Monday’s announcement by IOOF that it will buy 100 per cent of MLC for $1.44 billion would make it the largest player by adviser numbers in Australia on current numbers. The deal continues the exit of the big four banks from the wealth industry. According to IOOF, the acquisition would vault it to the very top of the list of retail wealth managers by funds under administration ($510 billion) and would make it the second-largest superannuation provider, with combined assets of $173 billion. The ambitious takeover, which is still subject to regulatory approval, would certainly make IOOF a new behemoth, but not all advisers in MLC’s wealth network were happy with the announcement.
A Big Deal
The fact that the deal was “big” was acknowledged by IOOF Chief executive Renato Mota, who told the AFR, “I think it's a once-in-a-generation transaction.” If the deal goes through it would potentially see IOOF servicing over 2.2 million Australians by June next year. Mota confirmed that IOOF is positioning itself to be one of the few very big players of scale in Australia’s vast superannuation sector, with IOOF looking to dominate the retail space. Mr Mota told investors he expects to see five or six super funds dominate the industry in the coming years, with IOOF being part of that pack. However, Mota was at pains to point out the deal was not just to achieve scale for the sake of it, and that IOOF would benefit though "synergies" of up to $150 million a year within three years and add 20 per cent to the groups' earnings per share. "It’s about creating scale and driving simplification to deliver better outcomes to clients and shareholders. That’s the primary driver here," Mr Mota said.
The takeover comes after IOOF’s its acquisition of ANZ Wealth, which IOOF successfully renegotiated down $125 million from the original $975 million asking price. Mota pointed to IOOF’s success in integrating ANZ wealth over the last 18 months and explained that the group was now processing one intertwined migration, rather than two separate ones. “Much of the integration processes and systems exist already because of ANZ…the infrastructure, framework and knowledge are already there.”
Adviser Migration to IOOF Licensee’s
Under the terms of the deal, IOOF will acquire the MLC brand and that of Godfrey Pembroke. Rather than acquire MLC’s other licensee brands, it will ask over 500 advisers from the recently retired brands of Garvan, Meritum and Apogee and to cross to IOOF’s own brands.
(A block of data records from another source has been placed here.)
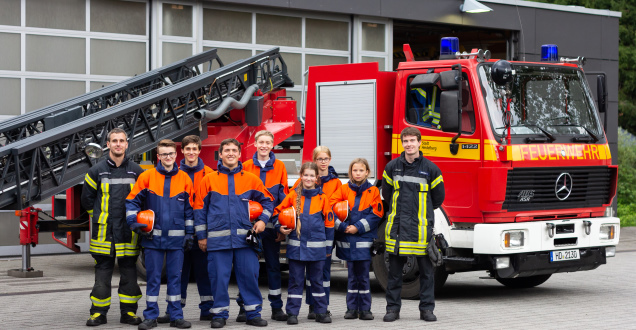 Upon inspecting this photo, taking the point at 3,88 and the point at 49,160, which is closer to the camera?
the point at 49,160

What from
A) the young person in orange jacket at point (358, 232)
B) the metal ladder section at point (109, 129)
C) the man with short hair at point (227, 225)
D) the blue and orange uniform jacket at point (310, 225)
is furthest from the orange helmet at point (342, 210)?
the metal ladder section at point (109, 129)

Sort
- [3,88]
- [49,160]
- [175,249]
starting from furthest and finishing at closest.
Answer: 1. [3,88]
2. [49,160]
3. [175,249]

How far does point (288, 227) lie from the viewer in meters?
8.22

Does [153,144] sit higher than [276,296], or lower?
higher

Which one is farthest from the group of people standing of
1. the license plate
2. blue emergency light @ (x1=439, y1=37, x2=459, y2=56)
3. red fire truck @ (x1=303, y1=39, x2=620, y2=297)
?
blue emergency light @ (x1=439, y1=37, x2=459, y2=56)

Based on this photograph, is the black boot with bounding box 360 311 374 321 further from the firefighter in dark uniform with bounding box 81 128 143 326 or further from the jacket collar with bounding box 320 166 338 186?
the firefighter in dark uniform with bounding box 81 128 143 326

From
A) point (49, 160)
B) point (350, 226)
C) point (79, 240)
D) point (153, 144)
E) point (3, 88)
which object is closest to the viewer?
point (350, 226)

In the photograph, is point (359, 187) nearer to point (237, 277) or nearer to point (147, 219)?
point (237, 277)

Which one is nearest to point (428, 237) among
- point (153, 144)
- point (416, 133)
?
point (416, 133)

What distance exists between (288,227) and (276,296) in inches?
28.2

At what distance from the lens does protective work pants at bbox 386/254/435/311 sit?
8.46 m

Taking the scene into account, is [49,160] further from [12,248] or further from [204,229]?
[12,248]

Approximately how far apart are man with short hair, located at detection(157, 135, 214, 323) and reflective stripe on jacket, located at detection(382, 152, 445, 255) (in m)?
1.70

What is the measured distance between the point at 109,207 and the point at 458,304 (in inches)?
149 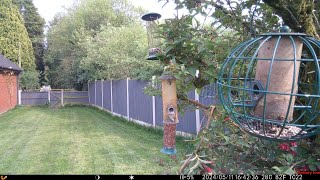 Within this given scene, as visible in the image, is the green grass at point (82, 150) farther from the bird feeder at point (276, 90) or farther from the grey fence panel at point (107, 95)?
the grey fence panel at point (107, 95)

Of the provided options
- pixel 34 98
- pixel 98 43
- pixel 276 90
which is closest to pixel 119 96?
pixel 98 43

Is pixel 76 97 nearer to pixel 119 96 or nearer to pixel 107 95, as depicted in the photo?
pixel 107 95

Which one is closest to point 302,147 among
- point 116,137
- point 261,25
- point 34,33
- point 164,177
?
point 164,177

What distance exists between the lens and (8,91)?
1853cm

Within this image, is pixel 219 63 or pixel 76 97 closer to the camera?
pixel 219 63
Mota said this arrangement would circumvent "exposure to liability" as NAB would legally retain liability for historic advice provided under those licences and any associated client remediation. Mota said the decision was about “de-risking the transaction from a remediation obligation perspective”.
Advisers Not Happy
The deal may be welcomed by the corporate giants, but not everyone is happy with the proposal. Platinum adviser and radio personality Scott Haywood wrote to MLC to terminate his licence agreement and implored his peers to do the same. Haywood said neither IOOF nor MLC consulted with the network of financial advisers before announcing the deal and they should not count on them voluntarily joining the combined wealth manager. He told the AFR "I can't be part of an old school conglomerate like AMP…I can't go backwards."
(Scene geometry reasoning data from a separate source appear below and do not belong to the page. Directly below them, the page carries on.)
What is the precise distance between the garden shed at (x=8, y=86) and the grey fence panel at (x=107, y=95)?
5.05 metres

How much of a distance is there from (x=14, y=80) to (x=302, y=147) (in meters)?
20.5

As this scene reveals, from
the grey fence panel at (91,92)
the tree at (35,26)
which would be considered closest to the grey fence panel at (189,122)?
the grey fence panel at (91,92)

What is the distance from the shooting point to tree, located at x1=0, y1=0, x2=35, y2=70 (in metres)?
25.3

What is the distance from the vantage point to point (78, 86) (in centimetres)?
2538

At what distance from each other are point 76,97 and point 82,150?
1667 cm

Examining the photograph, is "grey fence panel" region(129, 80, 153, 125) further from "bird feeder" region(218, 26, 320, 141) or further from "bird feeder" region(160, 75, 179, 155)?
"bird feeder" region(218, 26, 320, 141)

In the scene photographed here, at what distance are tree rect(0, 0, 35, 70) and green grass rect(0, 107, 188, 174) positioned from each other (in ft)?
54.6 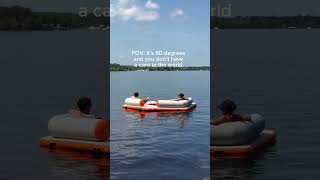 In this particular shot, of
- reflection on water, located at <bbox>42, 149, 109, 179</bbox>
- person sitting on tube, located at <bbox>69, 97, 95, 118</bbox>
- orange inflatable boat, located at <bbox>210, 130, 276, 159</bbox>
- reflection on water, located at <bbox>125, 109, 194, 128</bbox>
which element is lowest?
reflection on water, located at <bbox>42, 149, 109, 179</bbox>

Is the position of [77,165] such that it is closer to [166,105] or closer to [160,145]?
[160,145]

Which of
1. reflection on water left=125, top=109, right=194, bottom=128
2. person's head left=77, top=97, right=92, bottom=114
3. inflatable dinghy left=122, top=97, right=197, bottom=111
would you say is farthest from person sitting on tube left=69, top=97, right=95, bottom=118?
inflatable dinghy left=122, top=97, right=197, bottom=111

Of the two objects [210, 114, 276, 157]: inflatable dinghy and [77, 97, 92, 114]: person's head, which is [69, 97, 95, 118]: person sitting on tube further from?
[210, 114, 276, 157]: inflatable dinghy

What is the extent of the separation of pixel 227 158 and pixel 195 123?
11535mm

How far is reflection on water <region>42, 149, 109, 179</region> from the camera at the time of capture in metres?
17.5

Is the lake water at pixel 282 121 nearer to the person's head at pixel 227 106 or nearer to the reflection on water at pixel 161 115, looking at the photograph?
the person's head at pixel 227 106

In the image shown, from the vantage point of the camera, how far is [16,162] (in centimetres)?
1938

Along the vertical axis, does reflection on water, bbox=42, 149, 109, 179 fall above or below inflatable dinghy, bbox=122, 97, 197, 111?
below

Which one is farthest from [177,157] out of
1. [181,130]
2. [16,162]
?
[181,130]

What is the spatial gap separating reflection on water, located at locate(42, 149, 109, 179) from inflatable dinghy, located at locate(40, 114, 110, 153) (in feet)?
1.05

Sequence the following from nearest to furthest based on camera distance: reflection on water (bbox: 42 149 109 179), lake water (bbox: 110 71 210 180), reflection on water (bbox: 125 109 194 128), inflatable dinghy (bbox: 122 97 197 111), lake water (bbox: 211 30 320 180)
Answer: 1. reflection on water (bbox: 42 149 109 179)
2. lake water (bbox: 110 71 210 180)
3. lake water (bbox: 211 30 320 180)
4. reflection on water (bbox: 125 109 194 128)
5. inflatable dinghy (bbox: 122 97 197 111)

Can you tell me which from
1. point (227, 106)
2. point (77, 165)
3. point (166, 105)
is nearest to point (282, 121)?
point (166, 105)

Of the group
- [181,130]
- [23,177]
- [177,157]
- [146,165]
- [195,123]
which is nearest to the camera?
[23,177]

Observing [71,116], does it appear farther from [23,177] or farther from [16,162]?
[23,177]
Mr Haywood said he was in discussion with other Garvan and MLC firms and many shared his concern over IOOF's business model and regulatory compliance track record and expected many would join him in leaving the network. He believes IOOF’s "multi-brand approach" and disparate focus on salaried, technology-based and self-employed advice models, was akin to a "conglomerate". In the article he was also quoted saying IOOF had a reputation among advisers as being "ruthless" and "interested in profits over clients".
Several other advisers from MLC brands who were contacted by Adviser Ratings voiced similar concerns, saying IOOF looked like it was just going to replace AMP at the top of Australia’s wealth sector in an almost “like for like” substitution. One also mentioned the “travesty” that after all the dislocation and regulatory change that has come about after the Hayne Royal Commission, nothing of note has been done in relation to vertical integration in the financial services sector. “The banks may be moving out of advice, but the problem still exists in the industry and this IOOF deal will just compound the issue”, they said.